Although there are repeated threads and distinct local media and materials, there is no signature local style boxed and ready for export. It’s more complex than that. The “Baltics” are something of a Soviet construction; they’re forged together because of recent history, not because of shared consciousness. With spotty trains and narrow roads, it takes a long time to get around the area. But, of course, the Baltics are real—psychically and physically—and a natural market for ideas. It makes more sense to think of the region as a crossroads linked by similar and simultaneous experience—one that spent the past decade defining what it is not. The region, which started from zero, is now more or less broadband wired, looks to the future, and is beginning to see real results.

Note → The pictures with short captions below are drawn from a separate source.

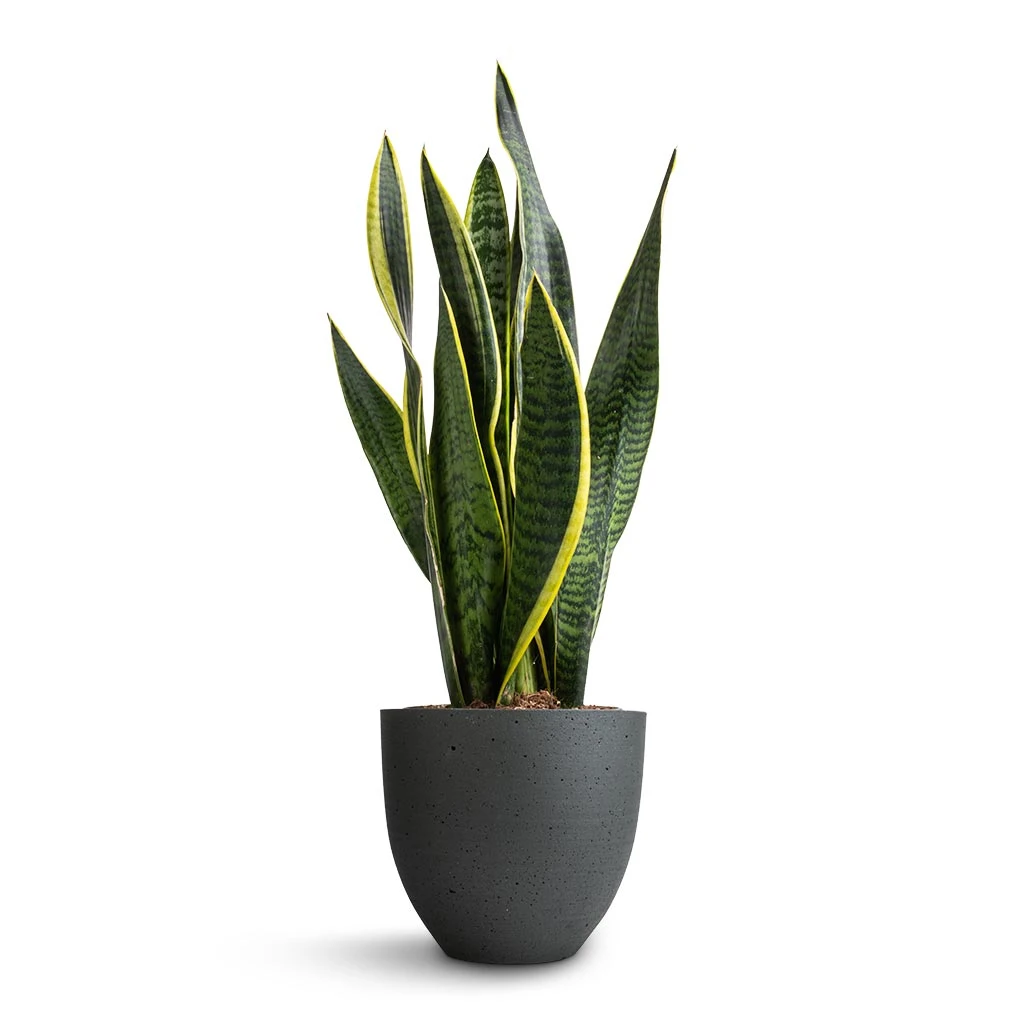 Sansevieria Trifasciata Laurentii - Variegated Snake Plant 21 Sansevieria Trifasciata Laurentii - Variegated Snake Plant - Image 19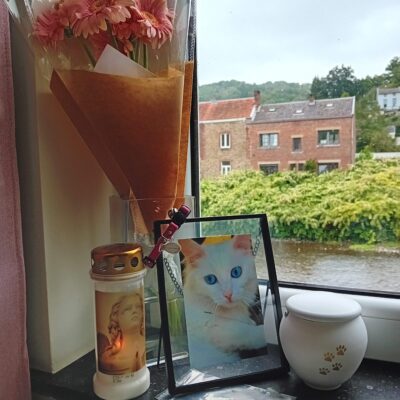 duchesse5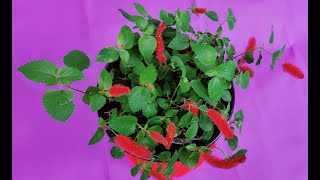 CARE OF CHENILLE PLANTACALYPHA PENDULAFIRETAIL  HOW TO GROW AND CARE CHENILLE PLANT AT HOME [upl. by Anirhtak659]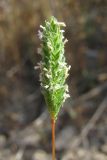 Phleum subulatum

It has also a design atmosphere marked by youth; sure, some veterans are going strong like Õunapuu and furniture maker Maile Grünberg—who’s got a great mod take on bent plywood veneer. Even Bruno Tomberg, perhaps the region’s premier design thinker and founder of the first contemporary design school in the Soviet Union in the late ’60s, wryly calls himself a relic. “I’m retired,” he says with a laugh. Most designers here are in their 30s and running their own show. Triin Ojari, editor-in-chief of Estonia’s main architectural journal, Maja, is 32; Kai Lobjakas, curator of the local design museum, is 31, as is Karin Paulus, design critic of the influential weekly Eesti Ekspress. Everyone goes to the local art academy and there are opportunities waiting for graduates. All
of this has an impact on style, what gets made, and what it will look like.

“We like simple and minimalistic things,” says Ilona Gurjanova, a graphic artist whose work was once scrutinized by Communist Party art bosses for illegal national colors. “We are harmonic there.” True enough, agrees Tarmo Luisk, a mischievous 36-year-old designer best known for his chic, industrial lamp making. “But we’re not Finns. For Finns, Estonians are too crazy,” he says. As someone who once hijacked a show opening with an impromptu karaoke session, he’s got a point.

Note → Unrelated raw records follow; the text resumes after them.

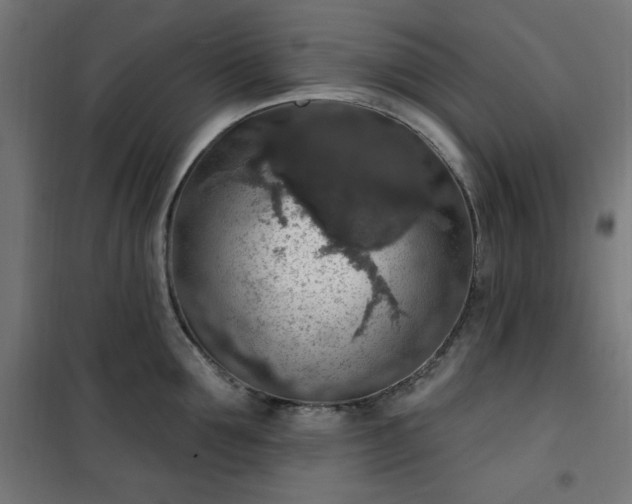 X0000101150907200807071146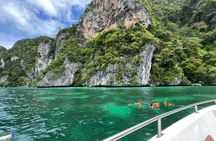 Phi Phi Islands and Maya Bay Tour by Speedboat from Krabi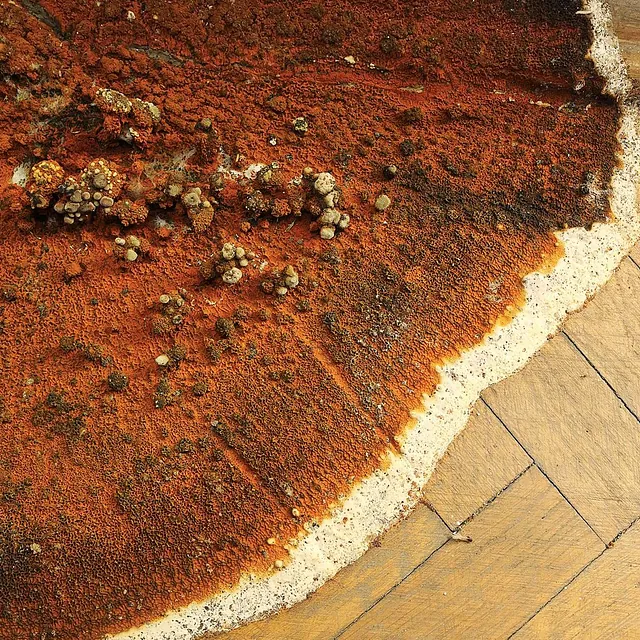fruiting body of dry rot on a parquet floor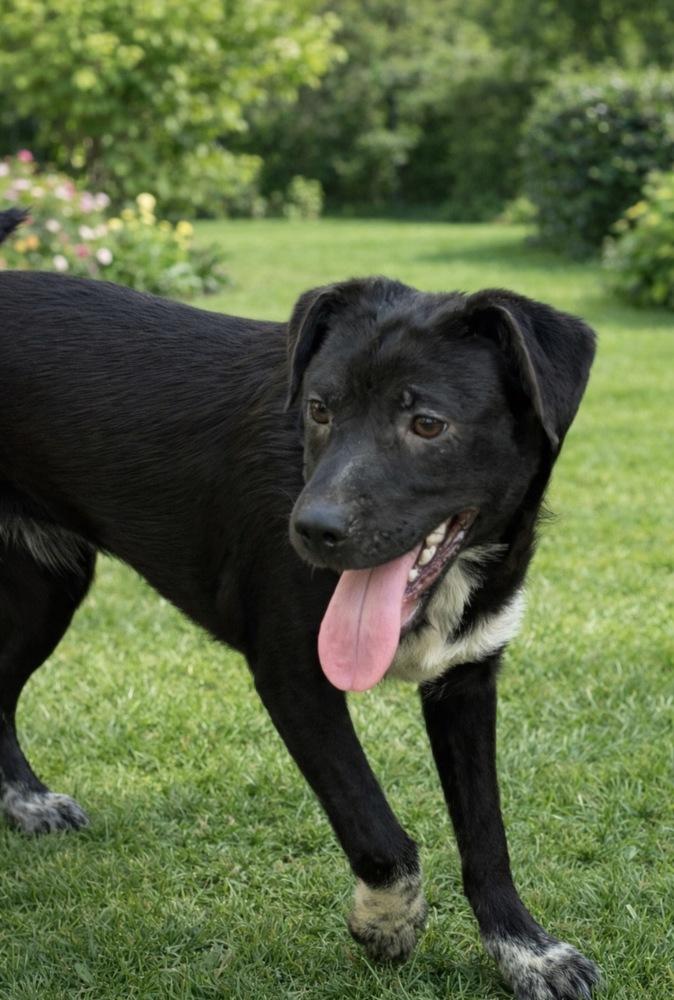 Enlarge Josie, a Adoptable mixed breed in Escondido, CA image 5/6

It takes two days to drive the 400 miles south from Tallinn to raw, dusty Vilnius, stopping at the more staid Latvian capital, Riga. Both places have a very different feel but share this sense of experimentation. It’s a little harder to hear about the scene in Riga (at least for this writer, perhaps because everyone seemed to be on holiday at the same time), but the architecture in both the small urban center and further afield is gaining regional notice, especially from the likes of the Sarma & Norde, Arhitektonika, and Arhis architecture and design studios. And not everything Latvian is practical and calm: Interior designer Agris Dzilna, for instance, is known for his dramatic fire-sculpture performance pieces with Akciju Sabiedriba, of the Action Society.

In Lithuania, the new design base gathers in galleries and at a studio/store in Vilnius called Contraforma. “A lot of new companies here are looking for an identity. They’re trying to use design now for that purpose,” says furniture designer Darius Cekanauskas. When 34-year-old furniture designer Nauris Kalinauskas started Contraforma with his partner, Egle Opeikiene, it was to recognize and encourage new materials and thinking, and to focus this growing energy. Kalinauskas explains, “Basically, we want to help young designers to communicate with manufacturers, to find the best way to present progressive design projects in the world.”

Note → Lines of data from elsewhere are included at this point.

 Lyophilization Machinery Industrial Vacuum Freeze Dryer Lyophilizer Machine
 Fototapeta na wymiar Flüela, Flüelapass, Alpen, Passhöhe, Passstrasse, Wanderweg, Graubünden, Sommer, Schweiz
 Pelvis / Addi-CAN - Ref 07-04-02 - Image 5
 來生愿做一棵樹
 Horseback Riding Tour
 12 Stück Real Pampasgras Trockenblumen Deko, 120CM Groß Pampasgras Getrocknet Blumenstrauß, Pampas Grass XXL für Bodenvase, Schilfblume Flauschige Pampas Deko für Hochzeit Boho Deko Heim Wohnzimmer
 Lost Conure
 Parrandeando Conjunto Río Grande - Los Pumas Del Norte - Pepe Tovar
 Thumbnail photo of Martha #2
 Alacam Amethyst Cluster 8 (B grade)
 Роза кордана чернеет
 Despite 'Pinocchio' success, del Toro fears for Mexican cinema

What’s happening across this chilly region, marked with pine, birch, sea, and snow is that many young voices are gaining sure footing at once and are able to get products and buildings made.

But more important than forging rules for a regional look is that there’s more work than dogma. “Maybe it’s better that there are no father figures, no models here,” Karin Paulus says. “It’s more free.” That could have something to do with the reception given to Tallinn’s new landmark, the Kumu Art Museum, designed by Finnish architect Pekka Vapaavuori. On the one hand, it’s a striking affair, a sleek, impressive, and important building; on the other, the local take is that it’s merely okay. “It uses limestone and copper, local materials, classical shapes,” Triin Ojari says. “It doesn’t say anything new.”